Although Dreamscape is currently in its beta-release stage, which means that the identification of locations is not really fully reliable, it still gives us an idea of how easily such tools could be used in the near future, as well as of their impact on macroanalyses. Of course, accurate geospatial representation of texts is still possible today through a combined use of existing tools – e.g., in the case of Greek texts, I think that CLARIN:EL Annotator of Named Entities can be of great help.

In preparing such resources, has NLP:EL helped you with any kind of linguistic or structural annotation?

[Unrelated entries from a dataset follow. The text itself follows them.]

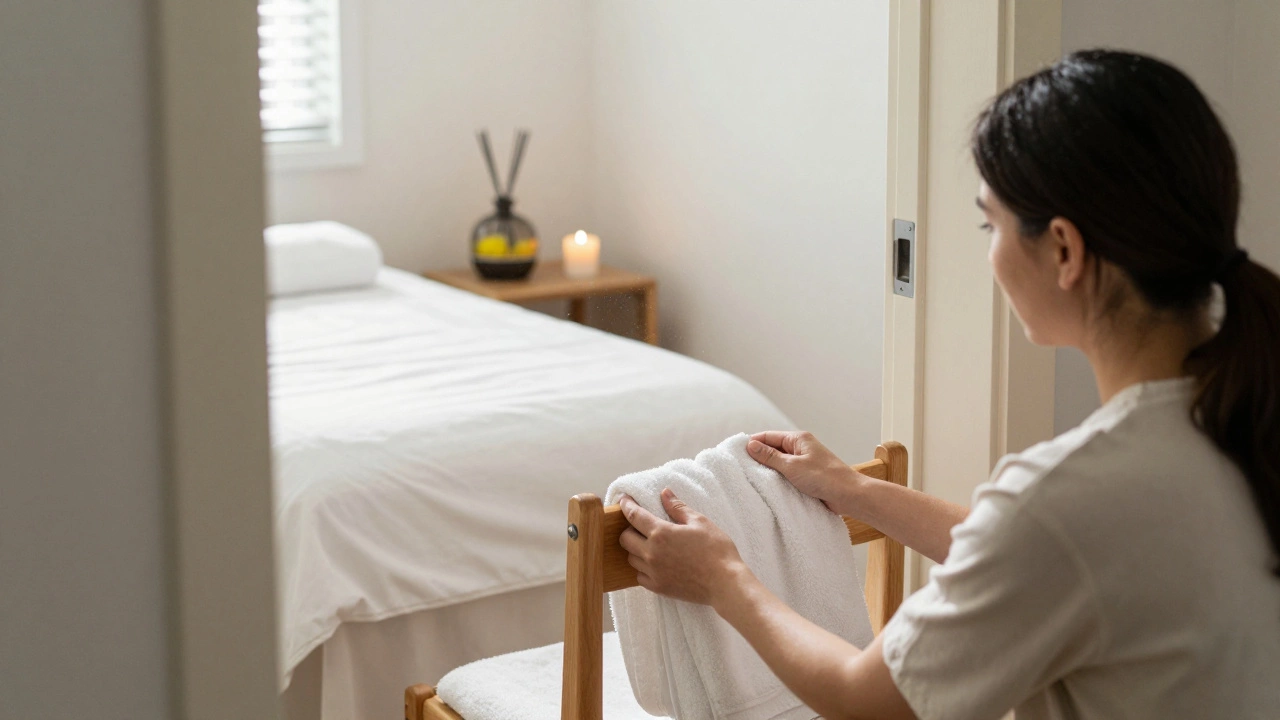 A client gently reaching for a fresh towel in a tidy, softly lit space.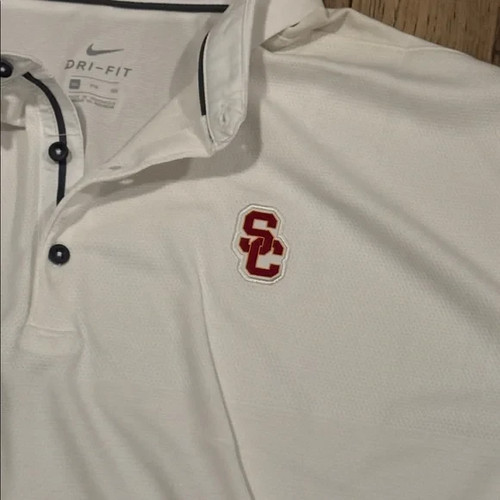 NWT Nike USC Trojans NCAA Dri-Fit White Polo Shirt Men’s 3XL - Picture 4 of 9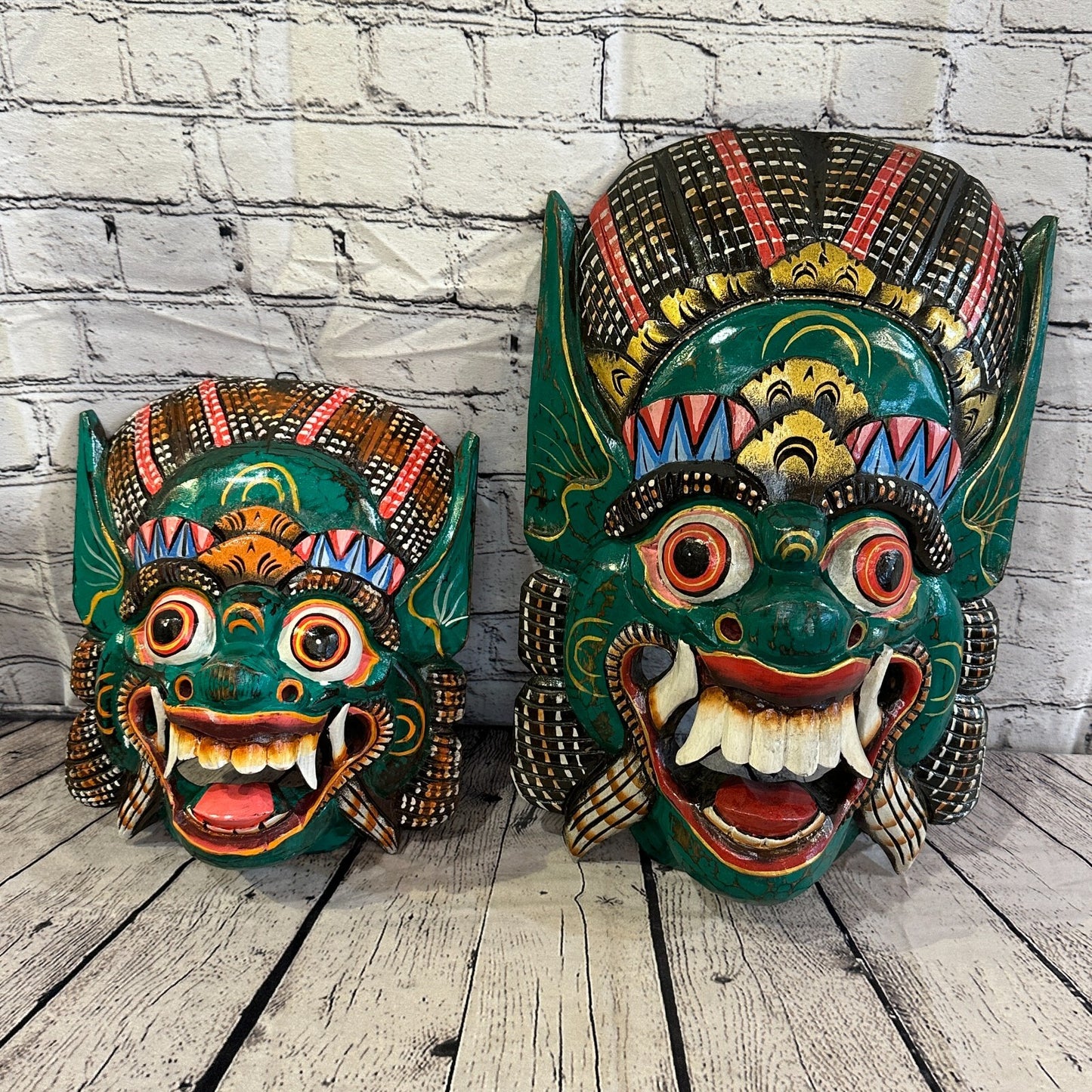 Large Wooden Green Barong Wall Mask 30cm x 25cm Handmade And Fairtrade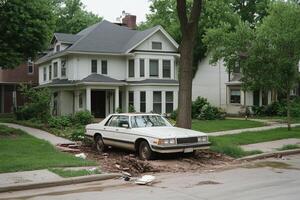 A car is parked in the middle of a street photo
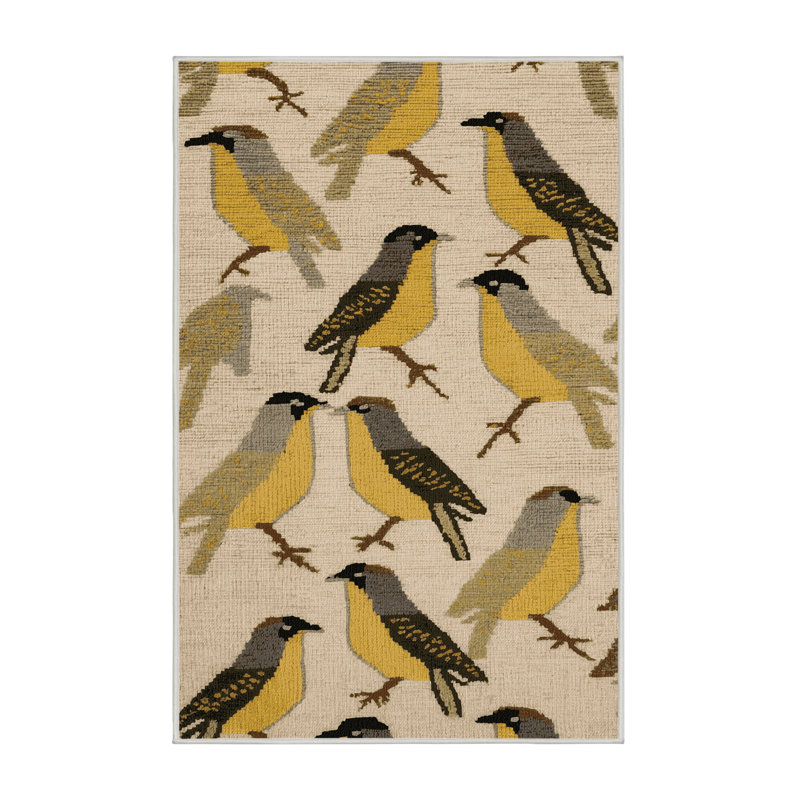  Tapis jaune lavable Bulbul, Rectangle de 5 pi x 8 pi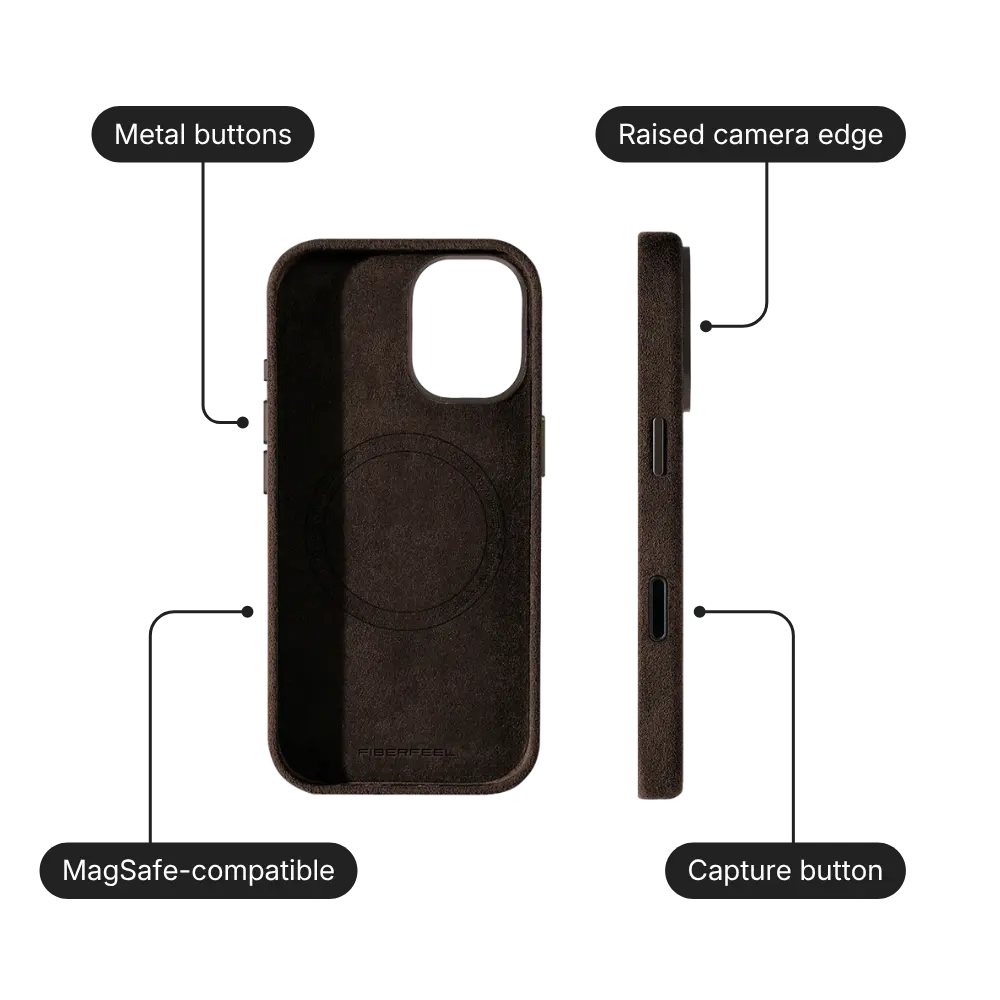 iPhone 16 Alcantara Case - Espresso Brown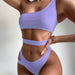 Color-Women Solid Color One-Piece Irregular Asymmetric Swimsuit Swimwear Sexy Bikini Bikini-Fancey Boutique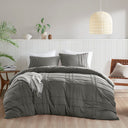 Porter - Full Soft Washed Pleated Duvet Cover Set - Gray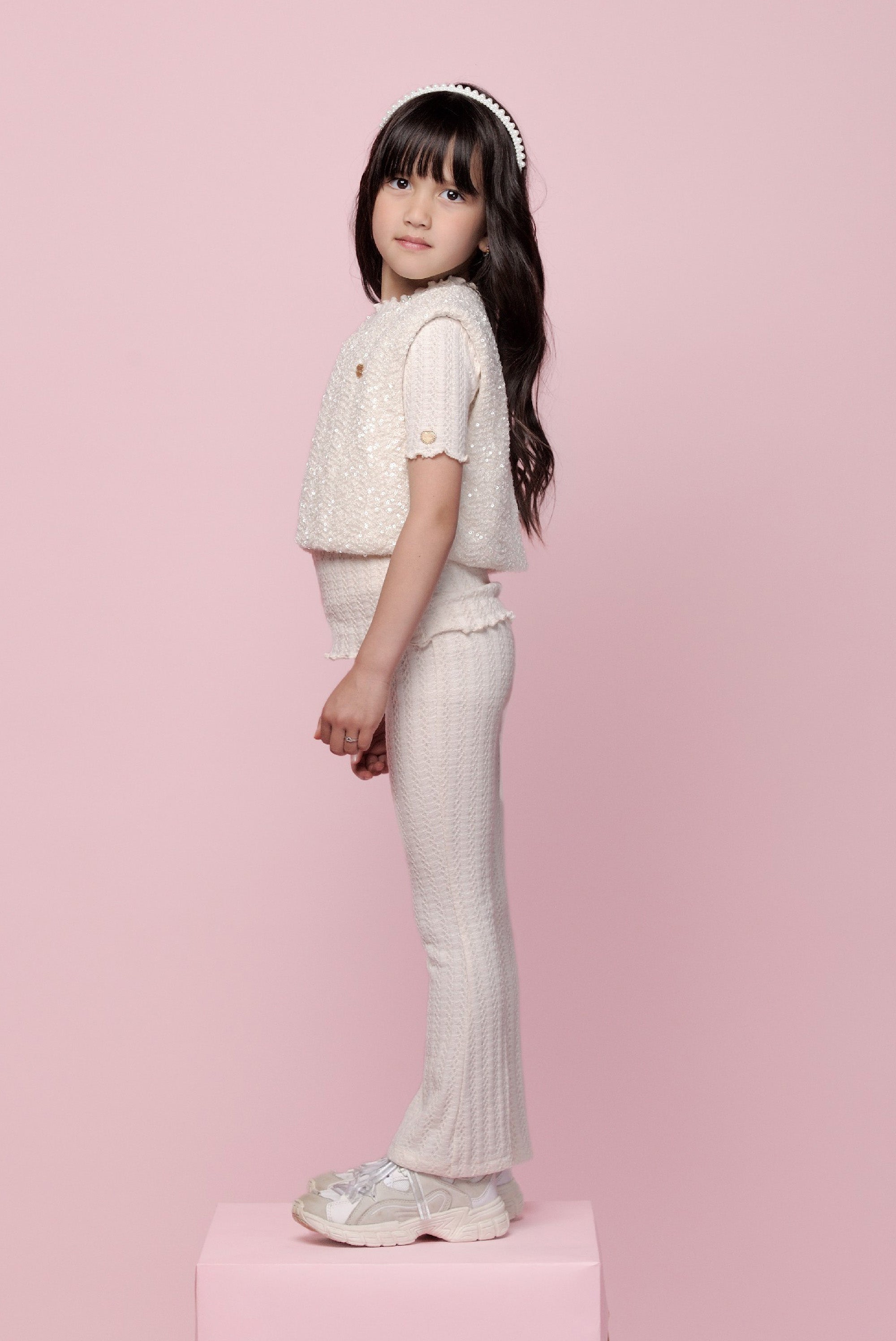 Le Chic  ♥ELOISE♥ spring sequins gilet *Pearled Ivory*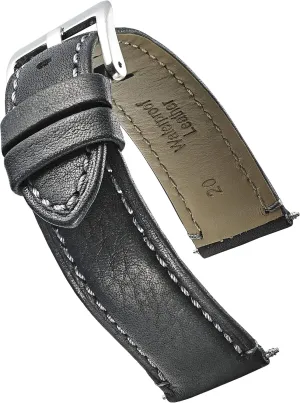 Premium Genuine Leather Watch Strap | Replacement Watch Band for Men and Women | Compatible with Traditional and Smart maneuver brown concise Watches Alpine Soft Padded Genuine Waterproof Leather Watch Band | 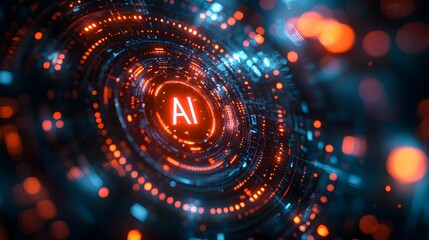Artificial Intelligence Core: A captivating digital rendering showcases the core of AI, with glowing circuits and an AI symbol at the center, symbolizing the heart of artificial intelligence. 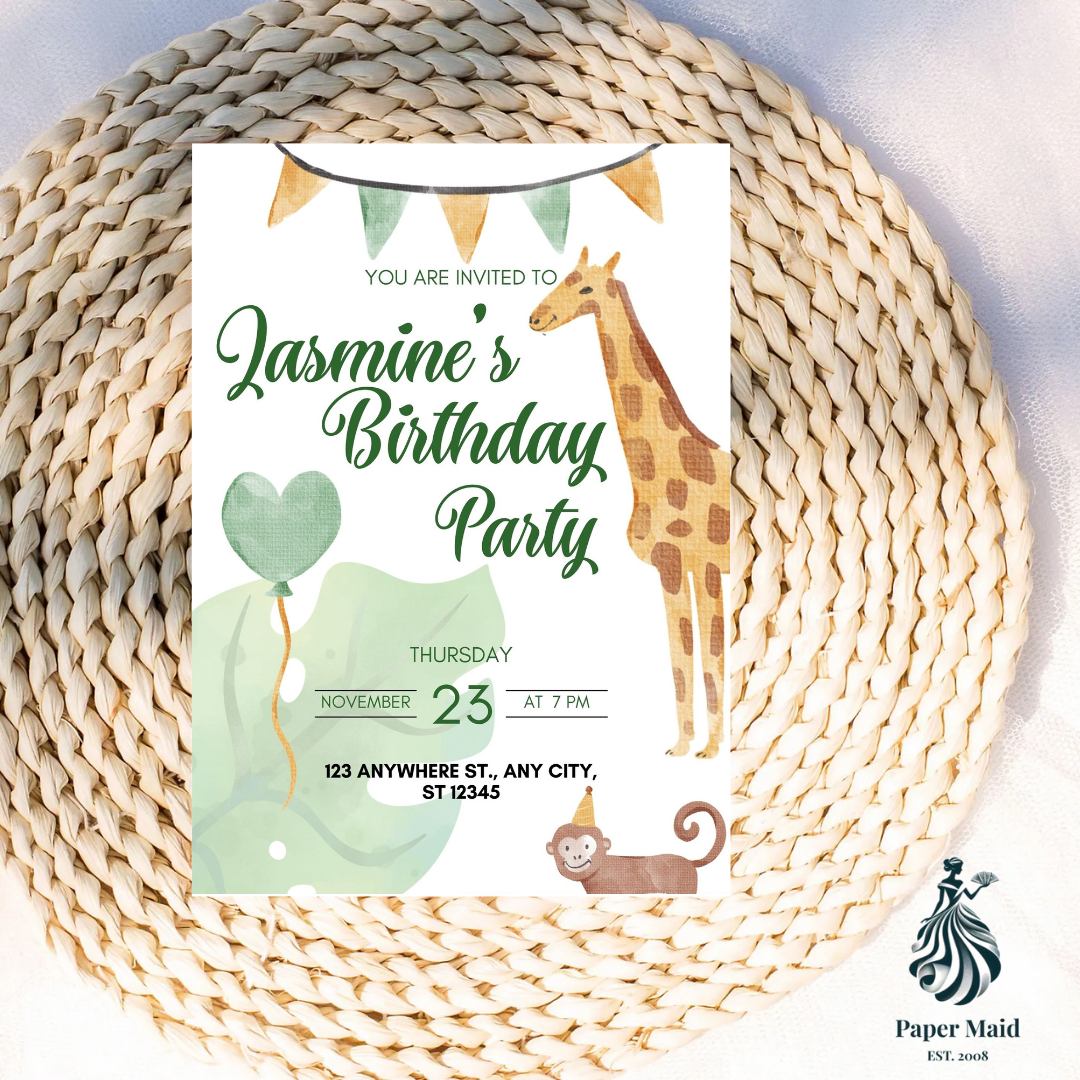 Safari Birthday Invitation – Giraffe & Monkey Green Party Design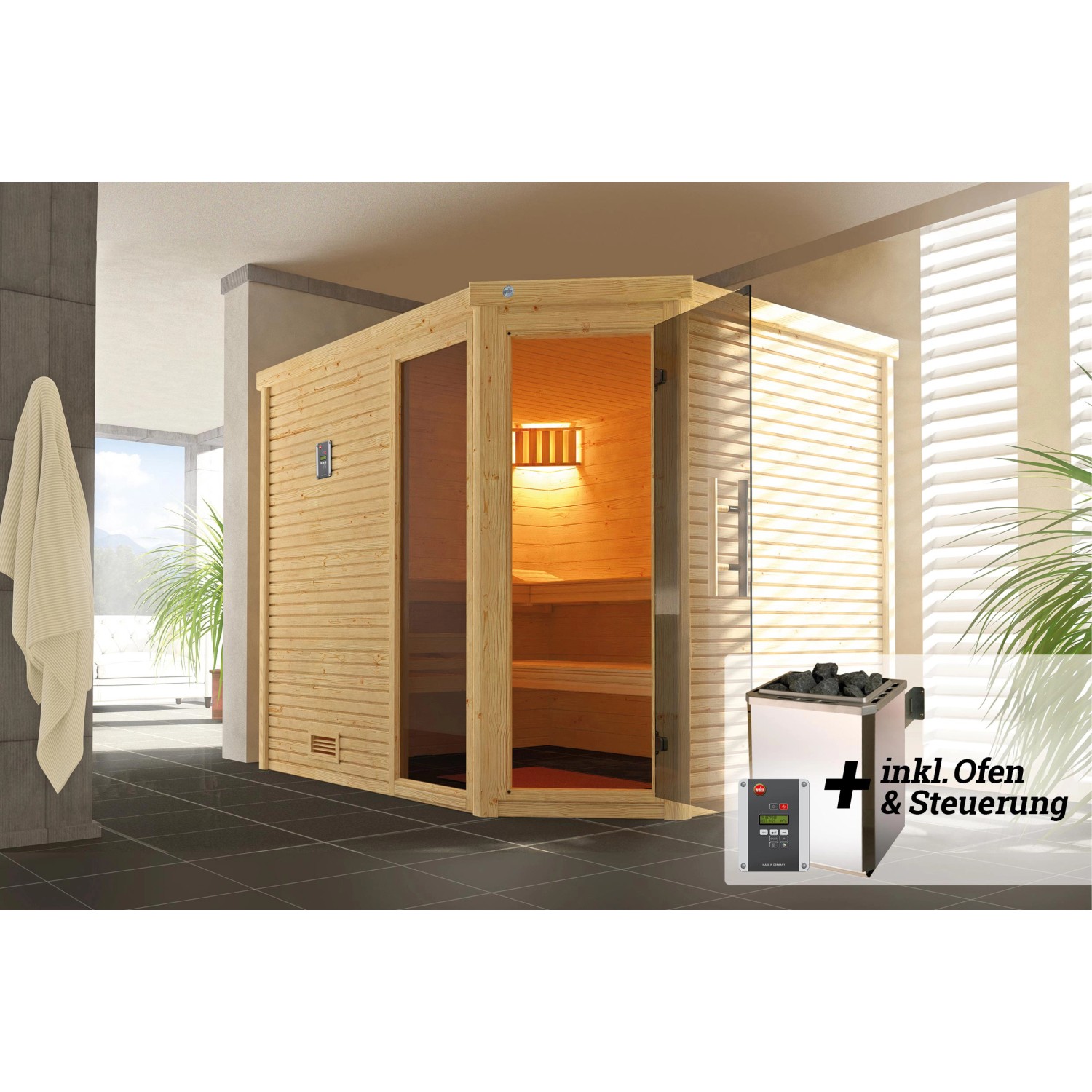 Weka Design-Sauna Cubilis 3 Sparset 7,5 kW OS digi. Steuerung Glastür Fenster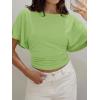 imageCicy Bell Womens Summer Wrap Tops Casual Short Sleeve Tie Back Cinched Waist T Shirts Trendy Boat Neck BlouseOlive Drab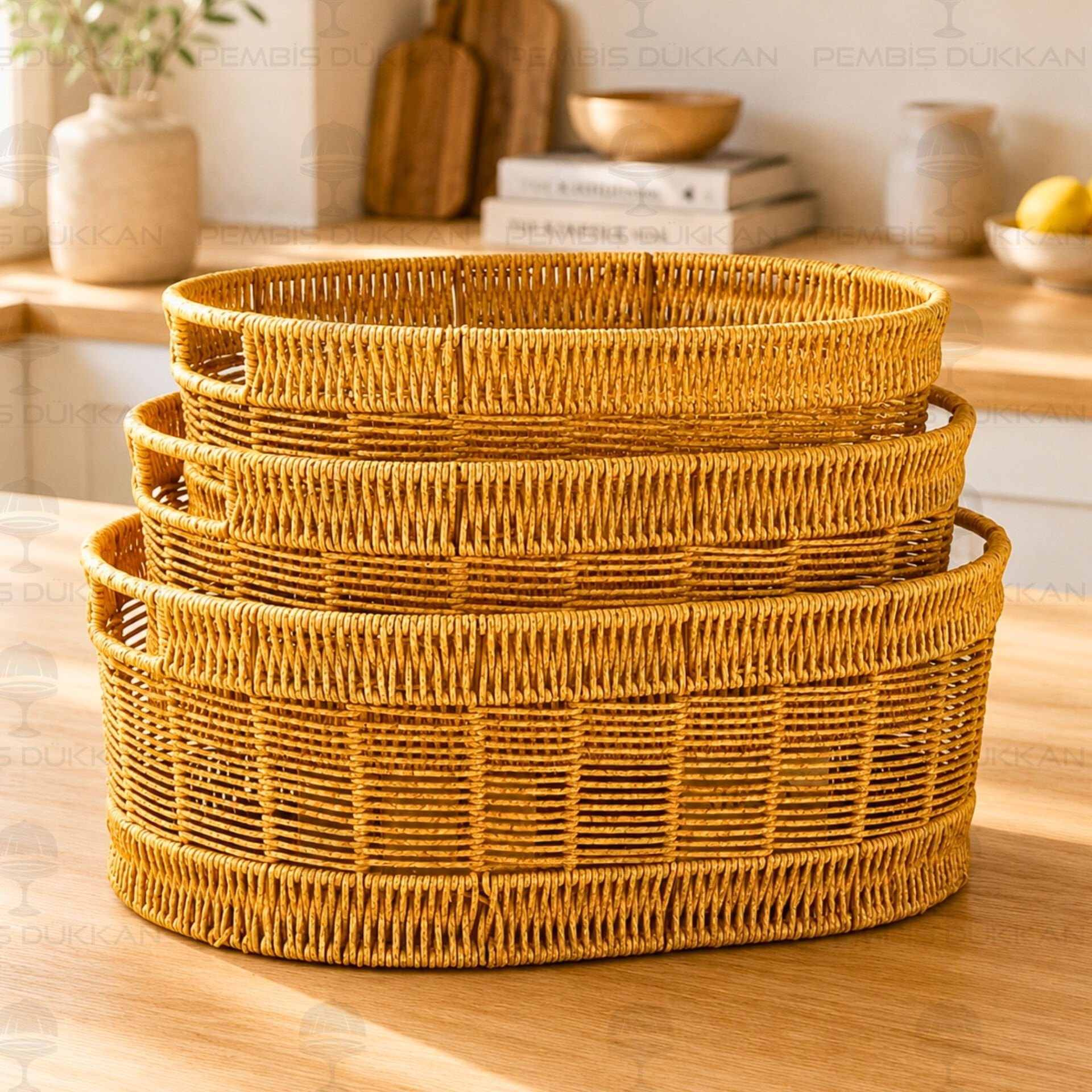3LÜ OVAL KULPLU RATTAN SEPET (6066)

Linguistic and structural annotation is very important in literary and translation studies, but what is crucial for qualitative research is to combine them with extrastructural markup. In the Melpo Axioti corpus, we have first used annotation tools provided by CLARIN:EL – specifically, the CLARIN:EL Annotator of Named Entities and the GrNE-Tagger – in order to tag the recurrence of persons and places in Melpo Axioti’s works, and the ILSP Feature-based multi-tiered POS Tagger and ILSP Lemmatizer to study the morphological changes in her language, which are connected with her ideological choices in different periods of her work. Afterwards we used CATMA, which is a tool for the extra-linguistic annotation of culture-specific concepts associated with a particular word in the text. For instance, we have annotated the occurrences of the word house which is the most frequently recurring lexical word in Axioti’s literary works, and constitutes their central thematic element. We have thereby created a double tagset, in which the house is tagged as either a positive or a negative space, with subsets defined by positive (e.g., ‘home’, ‘friendly’) and negative (‘disgust’, ‘loneliness’) connotations of the word, as seen below.

*CATMA applied to the Melpo Axioti corpus.*

On the basis of this, we then linked the presence or absence of the occurrences and particular meanings and connotations of the term house to broader thematic and stylistic choices, as well as to different periods, in Melpo Axioti’s work. This sort of extra-linguistic annotation is a good example of how a researcher is able to work with qualitative research questions using a digital approach, especially in humanities, as such questions can only be formulated accurately if the user knows the corpus well and tries to shed new light on it by applying both linguistic and extralinguistic tools offered by different developers.

Your research has quite a large and interdisciplinary scope, combining corpus linguistics with approaches like post-structuralist discourse theory, as well as literary studies. Could you present a result or paper in which your research has benefitted from NLP:EL’s involvement? How concretely did your research benefit from NLP:EL?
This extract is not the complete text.